(Captioned web images)
════════════════

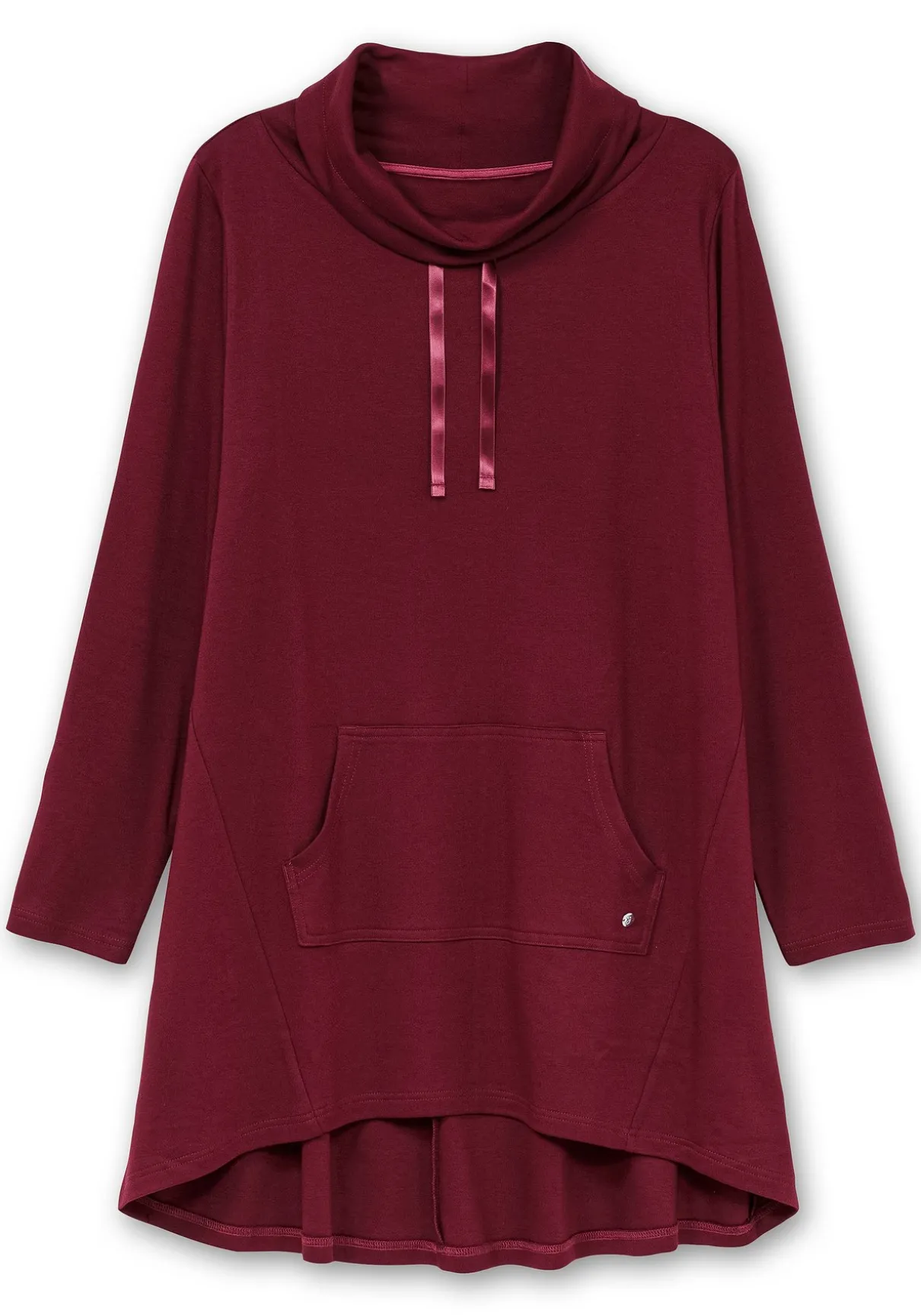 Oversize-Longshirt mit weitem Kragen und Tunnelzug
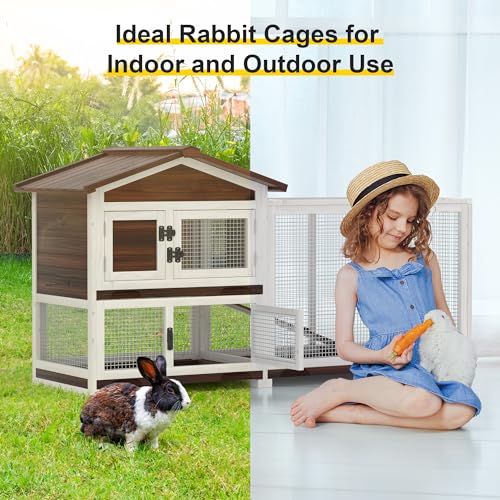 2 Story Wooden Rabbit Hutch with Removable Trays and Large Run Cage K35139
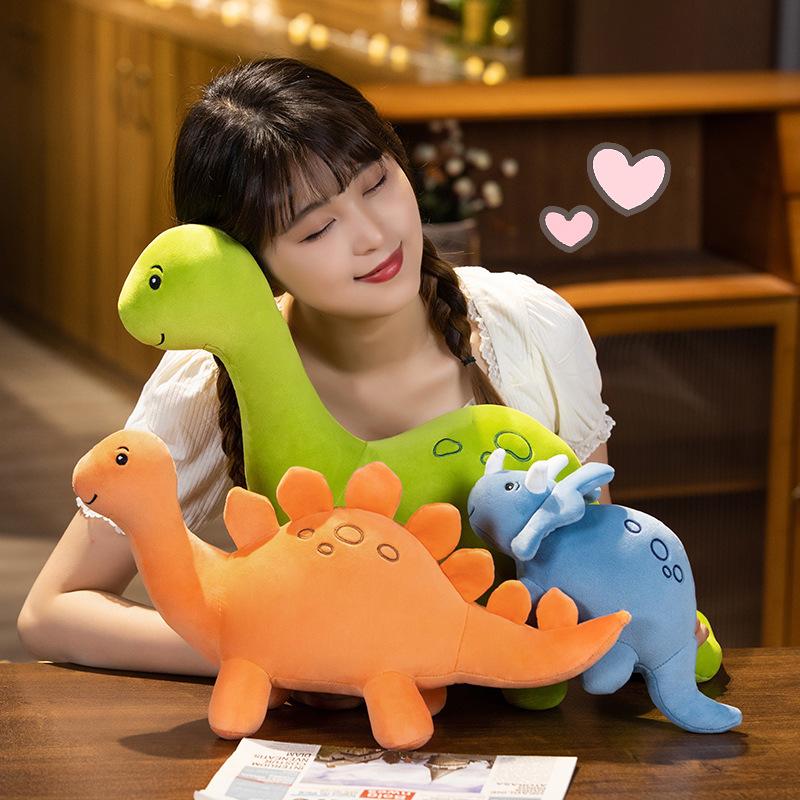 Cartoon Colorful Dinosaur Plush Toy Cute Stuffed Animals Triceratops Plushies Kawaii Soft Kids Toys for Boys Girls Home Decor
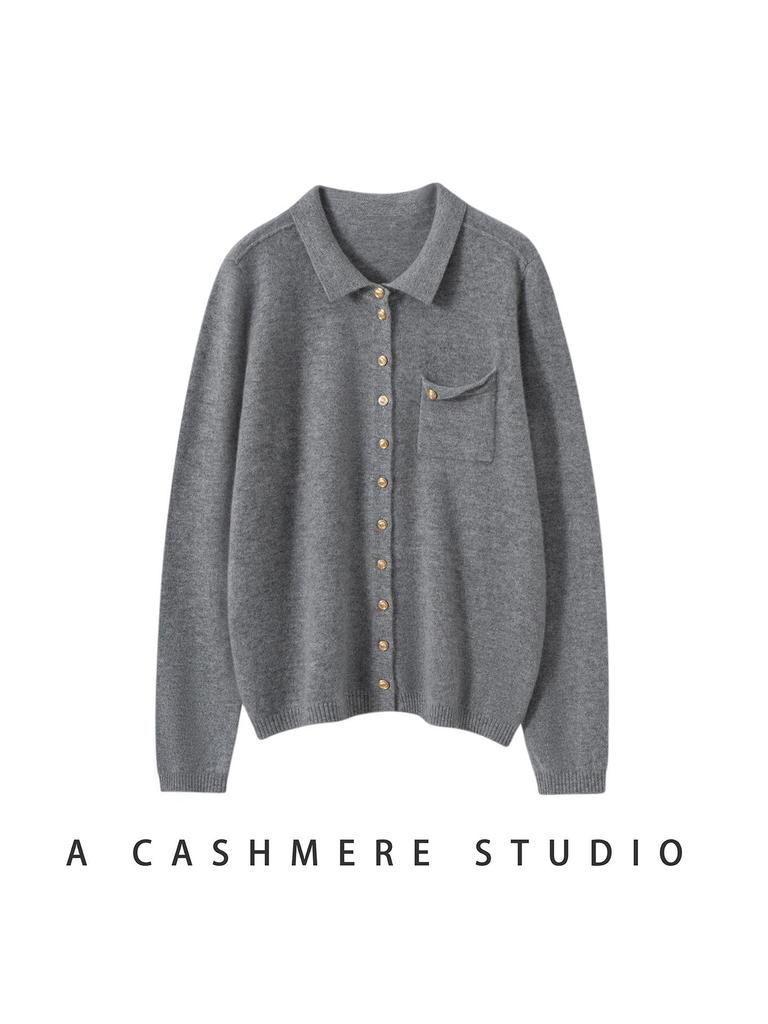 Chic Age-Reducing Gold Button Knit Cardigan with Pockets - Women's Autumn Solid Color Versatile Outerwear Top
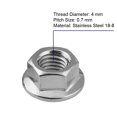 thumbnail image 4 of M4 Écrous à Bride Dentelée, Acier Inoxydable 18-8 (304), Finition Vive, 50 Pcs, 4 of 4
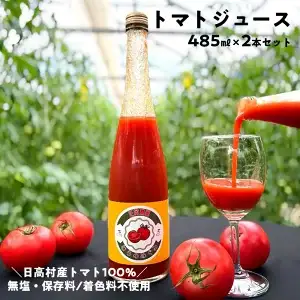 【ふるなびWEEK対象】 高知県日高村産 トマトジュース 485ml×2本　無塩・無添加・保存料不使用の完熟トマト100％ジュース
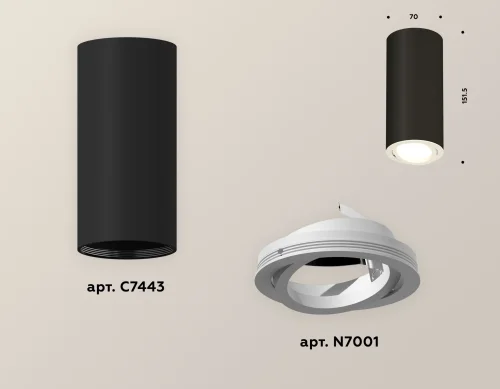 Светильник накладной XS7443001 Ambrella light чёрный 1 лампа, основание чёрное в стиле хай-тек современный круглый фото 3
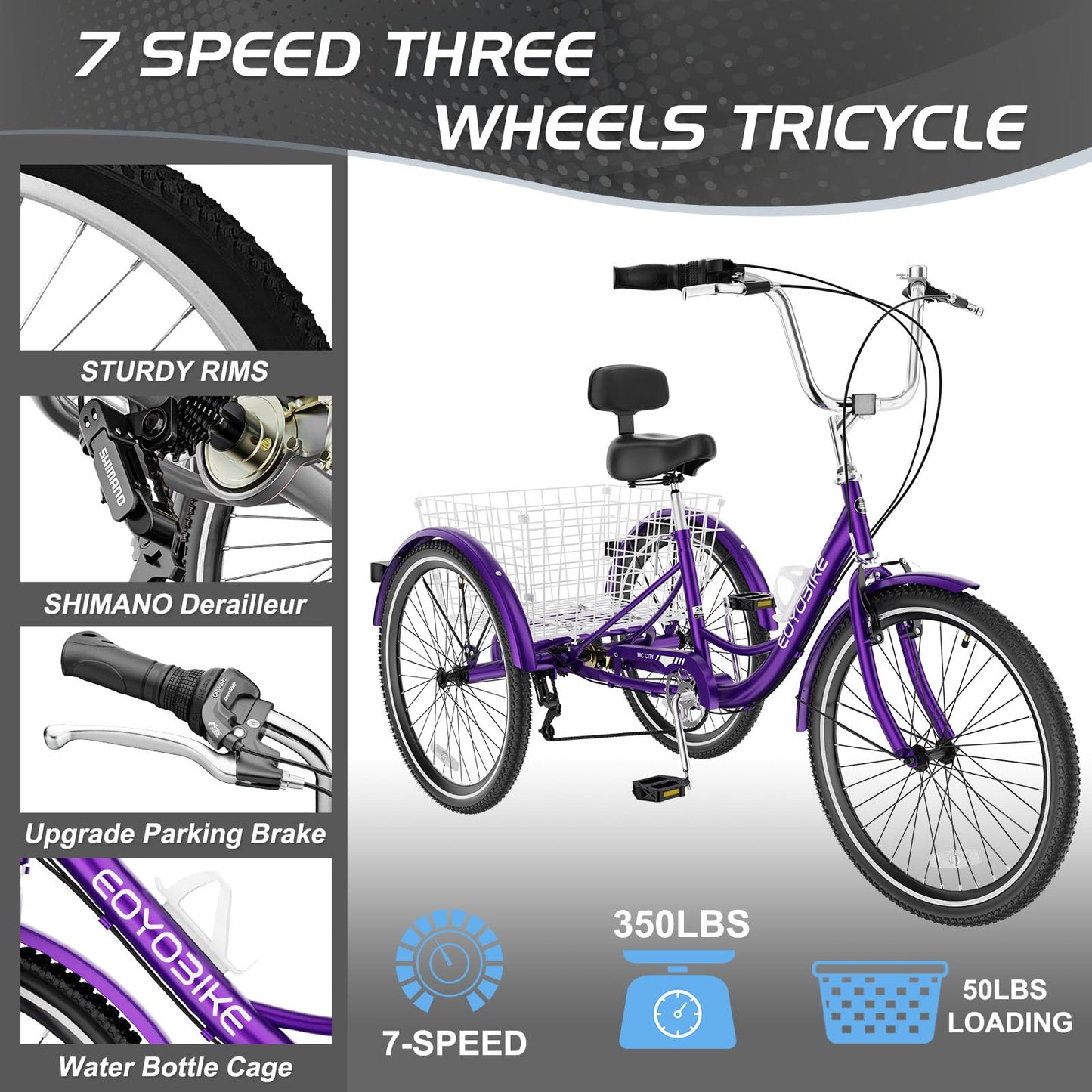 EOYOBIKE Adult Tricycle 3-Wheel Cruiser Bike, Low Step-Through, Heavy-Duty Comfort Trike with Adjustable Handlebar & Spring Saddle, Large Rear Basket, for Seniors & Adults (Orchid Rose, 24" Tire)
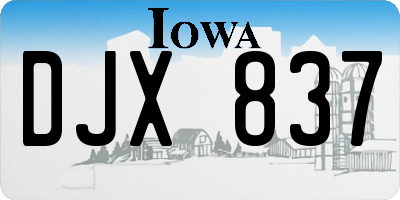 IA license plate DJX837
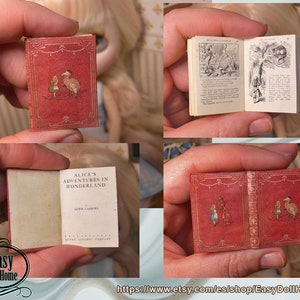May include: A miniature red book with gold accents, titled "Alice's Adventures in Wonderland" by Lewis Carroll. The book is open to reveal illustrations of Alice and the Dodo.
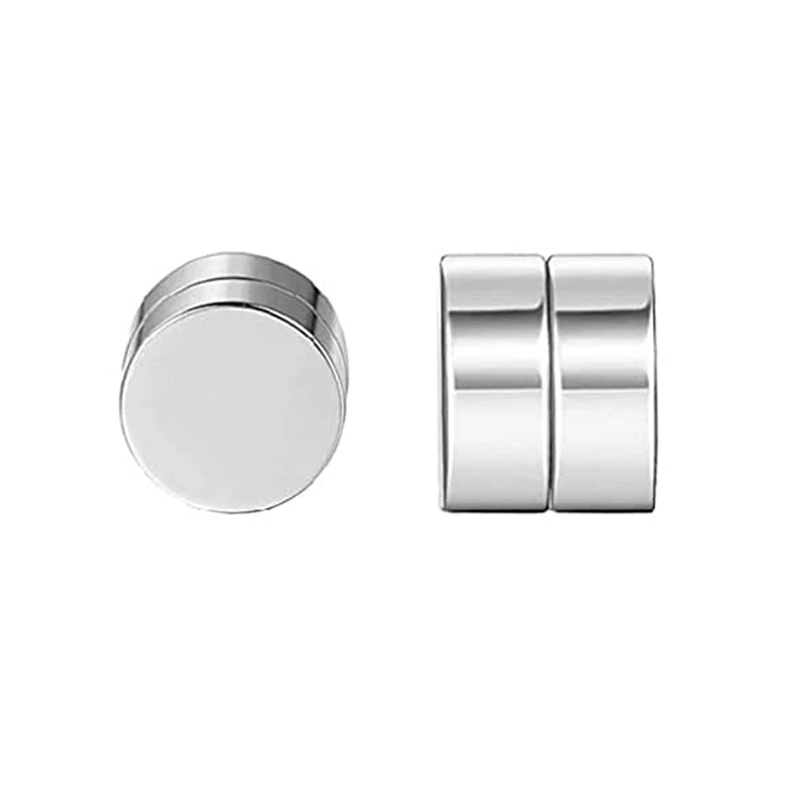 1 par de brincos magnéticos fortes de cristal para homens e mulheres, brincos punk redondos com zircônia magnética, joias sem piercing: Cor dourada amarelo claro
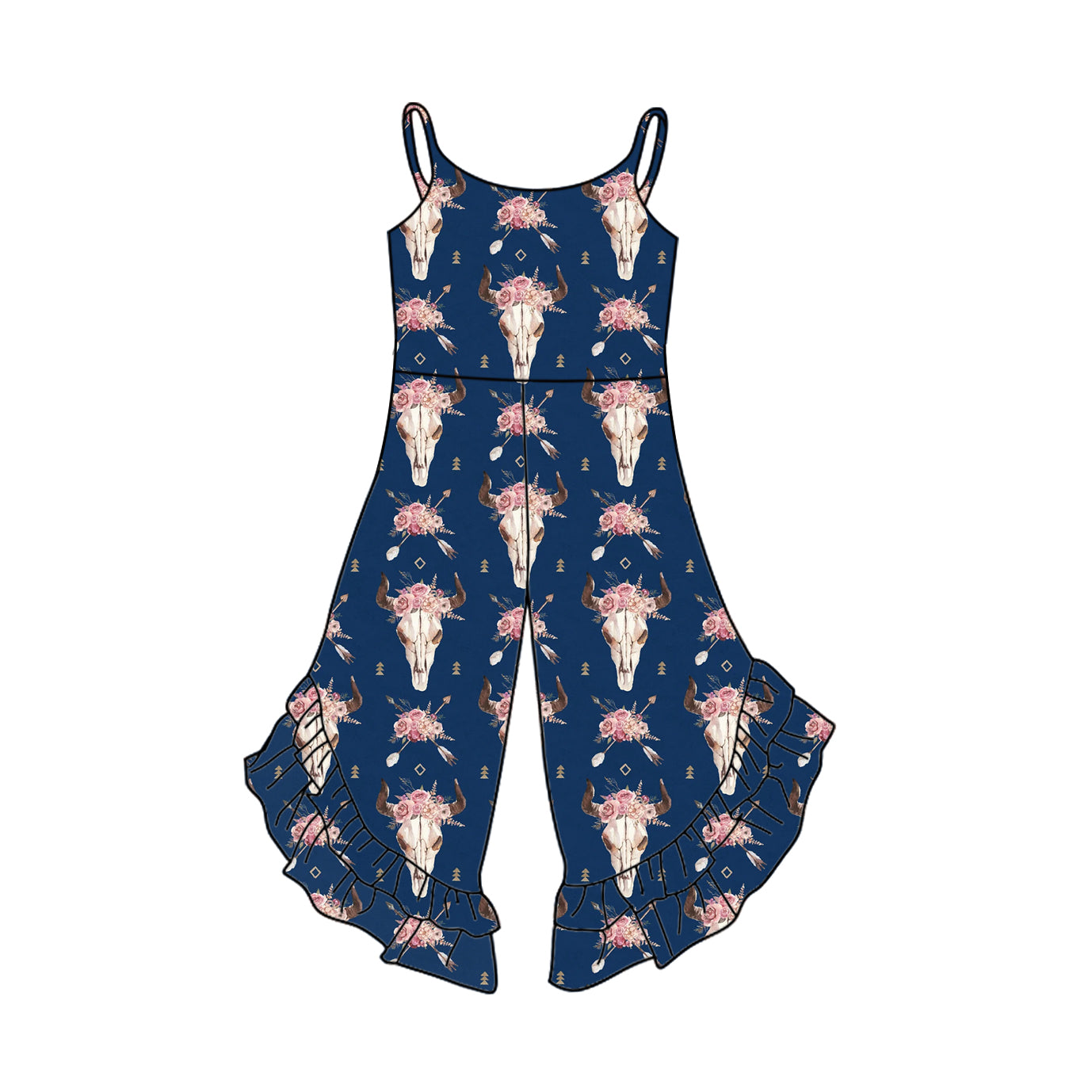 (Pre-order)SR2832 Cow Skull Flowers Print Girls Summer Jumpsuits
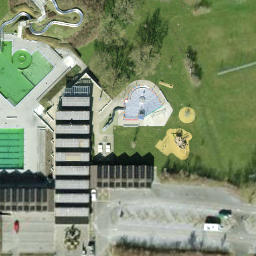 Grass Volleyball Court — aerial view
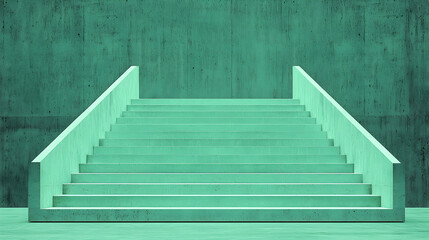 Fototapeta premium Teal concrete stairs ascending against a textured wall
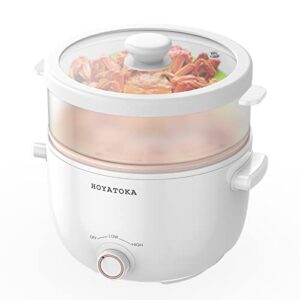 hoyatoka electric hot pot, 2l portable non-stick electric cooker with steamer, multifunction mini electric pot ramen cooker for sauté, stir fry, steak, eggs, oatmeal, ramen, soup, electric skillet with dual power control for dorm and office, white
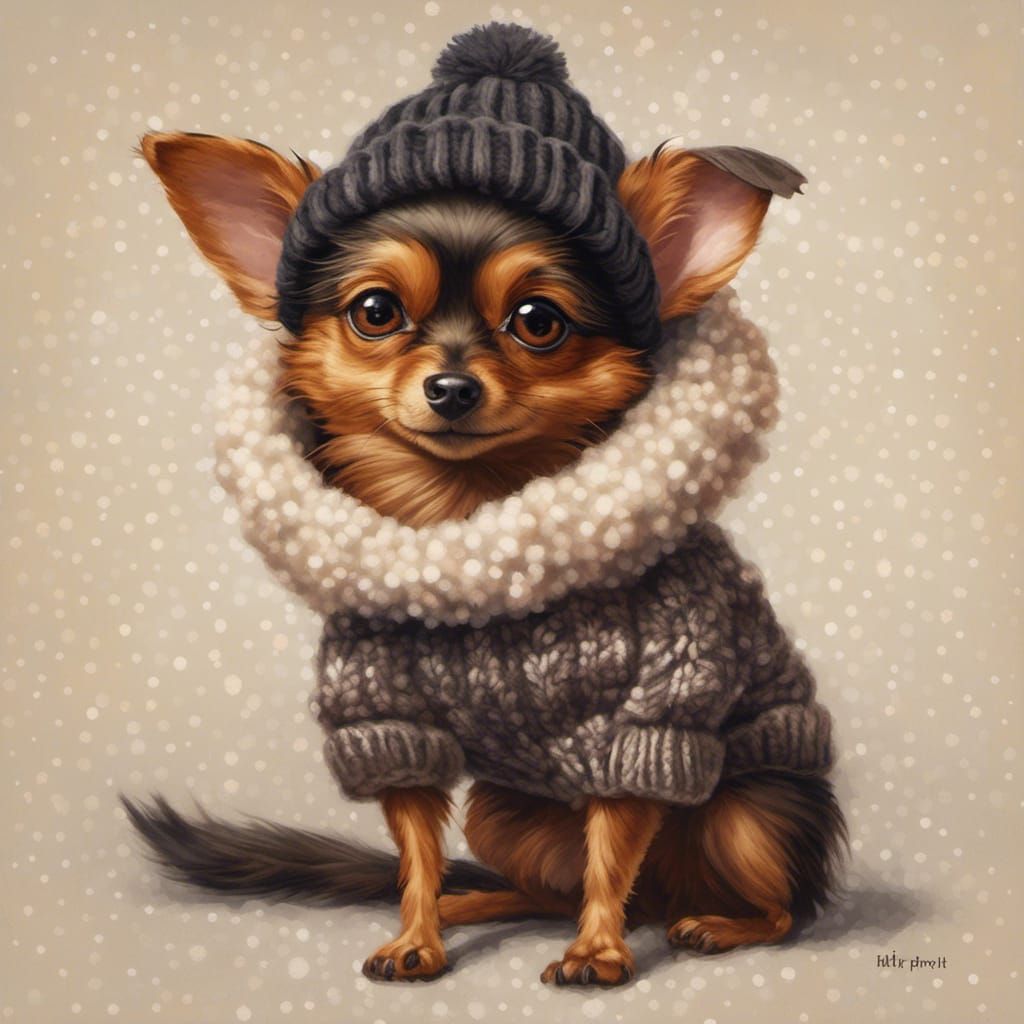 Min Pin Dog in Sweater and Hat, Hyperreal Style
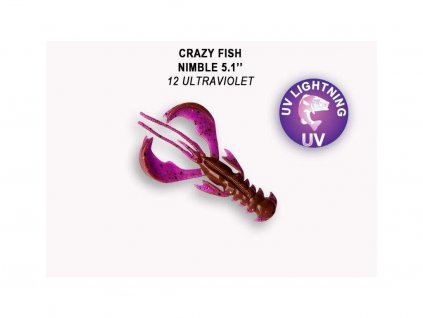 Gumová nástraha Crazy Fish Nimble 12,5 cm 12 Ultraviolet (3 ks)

════════════════

EXERCISE:
Your task is to transcribe exactly the lines from the one containing "高知県日高村産 トマトジュース 485ml×2本　無塩・無添加・保存料不使用の完熟トマト100％ジュース" through the final line of the entries above, pictures excluded.

SOLUTION:
 【ふるなびWEEK対象】 高知県日高村産 トマトジュース 485ml×2本　無塩・無添加・保存料不使用の完熟トマト100％ジュース
 Светильник накладной XS7443001 Ambrella light чёрный 1 лампа, основание чёрное в стиле хай-тек современный круглый фото 3
 EOYOBIKE Adult Tricycle 3-Wheel Cruiser Bike, Low Step-Through, Heavy-Duty Comfort Trike with Adjustable Handlebar & Spring Saddle, Large Rear Basket, for Seniors & Adults (Orchid Rose, 24" Tire)
 IA license plate DJX837
May include: A miniature red book with gold accents, titled "Alice's Adventures in Wonderland" by Lewis Carroll. The book is open to reveal illustrations of Alice and the Dodo.
 1 par de brincos magnéticos fortes de cristal para homens e mulheres, brincos punk redondos com zircônia magnética, joias sem piercing: Cor dourada amarelo claro
 (Pre-order)SR2832 Cow Skull Flowers Print Girls Summer Jumpsuits
 Grass Volleyball Court — aerial view
 Fototapeta premium Teal concrete stairs ascending against a textured wall
 hoyatoka electric hot pot, 2l portable non-stick electric cooker with steamer, multifunction mini electric pot ramen cooker for sauté, stir fry, steak, eggs, oatmeal, ramen, soup, electric skillet with dual power control for dorm and office, white
 Min Pin Dog in Sweater and Hat, Hyperreal Style
 Gumová nástraha Crazy Fish Nimble 12,5 cm 12 Ultraviolet (3 ks)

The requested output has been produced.